Home / Using apachesolr to index custom data

Using apachesolr to index custom data

Imagine you have a custom database table, storing some imported content for your nodes. This post will explain how this content can be exposed to be indexed by Solr via the apachesolr module. The example module provided was tested with apachesolr 6.x-1.6. It assumes that this custom content is associated to nodes (e.g. a custom imported text value).

Hooks on the table

  • hook_apachesolr_modify_query - to tell solr we are passing a new field of a given type.
  • hook_apachesolr_update_index - to pass our custom data alongside (not appended to) the node object
  • hook_apachesolr_process_results - show the custom data field in the result list

Exposing the data

First of all we need to let solr know about our data, on how to hash it, store it and do whatever black magic it is doing when people are not watching. hook_apachesolr_update_index will be triggered when the apachesolr module deems its time to update the search index. We have a chance to step in and change the document sent to solr, adding our own datafield.

As an example, the following example loads some summary text from the database when story nodes are being indexed and tells Solr to store it:

<?php
function HOOK_apachesolr_update_index(&$document, $node, $namespace) {
  if (
$node->type == 'story' && $document->entity == 'node') {
   
$random_string = db_result(db_query('SELECT summary FROM {story_summaries} WHERE nid = %d', $node->nid));
   
$document->ts_summary = $random_string;
  }
}
?>

But how does Solr know what the data is? Is it an integer? Or a double precision number? Perhaps a nice trout? The schema.xml supplied by the apachesolr module contains these field definitions, so lets take a look. Around line 377 the dynamic field definitions begin, we can find lines like the following:

<dynamicField name="ts_*"  type="text" indexed="true"  stored="true" multiValued="false" termVectors="true"/>

This tells Solr that if we pass a field prefixed by ts_, it should then be stored as a single value textfield. This is perfect for our use-case, hence $document->ts_summary is given the value from the database.
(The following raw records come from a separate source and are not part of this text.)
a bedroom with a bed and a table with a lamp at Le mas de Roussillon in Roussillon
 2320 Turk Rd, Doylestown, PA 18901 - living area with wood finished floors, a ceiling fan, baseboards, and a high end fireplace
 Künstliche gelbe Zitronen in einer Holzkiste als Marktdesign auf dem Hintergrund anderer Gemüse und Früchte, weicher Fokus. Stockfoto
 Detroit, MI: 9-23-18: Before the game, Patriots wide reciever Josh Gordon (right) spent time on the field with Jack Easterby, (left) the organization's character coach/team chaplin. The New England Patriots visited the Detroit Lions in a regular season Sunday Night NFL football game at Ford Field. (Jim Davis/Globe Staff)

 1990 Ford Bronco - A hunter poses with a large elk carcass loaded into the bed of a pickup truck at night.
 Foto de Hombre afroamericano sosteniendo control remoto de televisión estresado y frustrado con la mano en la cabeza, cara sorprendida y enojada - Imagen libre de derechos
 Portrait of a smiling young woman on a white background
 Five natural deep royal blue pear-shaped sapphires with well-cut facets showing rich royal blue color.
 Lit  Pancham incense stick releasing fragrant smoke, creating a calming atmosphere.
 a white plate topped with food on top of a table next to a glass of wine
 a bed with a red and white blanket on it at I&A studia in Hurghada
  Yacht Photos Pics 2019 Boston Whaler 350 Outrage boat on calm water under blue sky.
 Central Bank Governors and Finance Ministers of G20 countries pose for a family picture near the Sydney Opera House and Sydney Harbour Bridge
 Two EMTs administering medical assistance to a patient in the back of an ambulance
You may have noticed that instead of relying on the $node object we pulled our information directly from the database. This is because of the way the module loads up the node information (only the 'view' node operation is available to us), any data loaded in the 'update index' operation will be just appended to the $node body (see lines 63, 69 and 92 of apachesolr.index.inc).

Know where to look

By now we have our data passed to Solr and indexed. We need to make sure that we also search in it, for this we implement hook_apachesolr_modify_query. This hook is triggered whenever a module is performing a search, for instance when the user submits the search form.

$query can be used to change the - gasp - query, while $params is an array of parameters. In this example we simply want Solr to search our new example field, so we add it to the 'fl' element (http://wiki.apache.org/solr/CommonQueryParameters#fl).

<?php
function HOOK_apachesolr_modify_query(&$query, &$params, $caller) {
 
$params['fl'] .= ',ts_summary';
}
?>

Displaying the results

The last piece of the puzzle is to add our field to the search result display:

<?php
function HOOK_apachesolr_process_results(&$results) {
  foreach (
$results as $index => $item) {
    if (
$item['node']->type == 'story' && !empty($item['node']->ts_summary)) {
     
$results[$index]['snippet'] .= t('Summary: @summary’, array(‘@summary’ => $item['node']->ts_summary));
    }
  }
}
?>

This is a simple loop over the results, appending the field with some additional HTML and the field data.

It’s worth to note that before this hook there is another way to alter the document: hook_apachesolr_search_result_alter is exposed via drupal_alter and is given each $document variable.

Tags: 

Reacties

Posted on by Steve N (niet gecontroleerd).

Is there a trick to getting the update_index hook to work? I created a custom module hook but it's not getting called and I can't figure out why...

function mysearch_apachesolr_update_index(&$document, $node) {
if (! $document) {
return;
}

switch ($node->type) {
case 'author':
$document->addField('sm_field_author_first_name', 'xxx');
$document->addField('sm_field_author_last_name', 'yyy');
break;

case 'book':
$document->setMultiValue('sm_field_book_id', 'zzz');
break;
}
}

Any ideas? Thanks!

Steve

Posted on by Steve N (niet gecontroleerd).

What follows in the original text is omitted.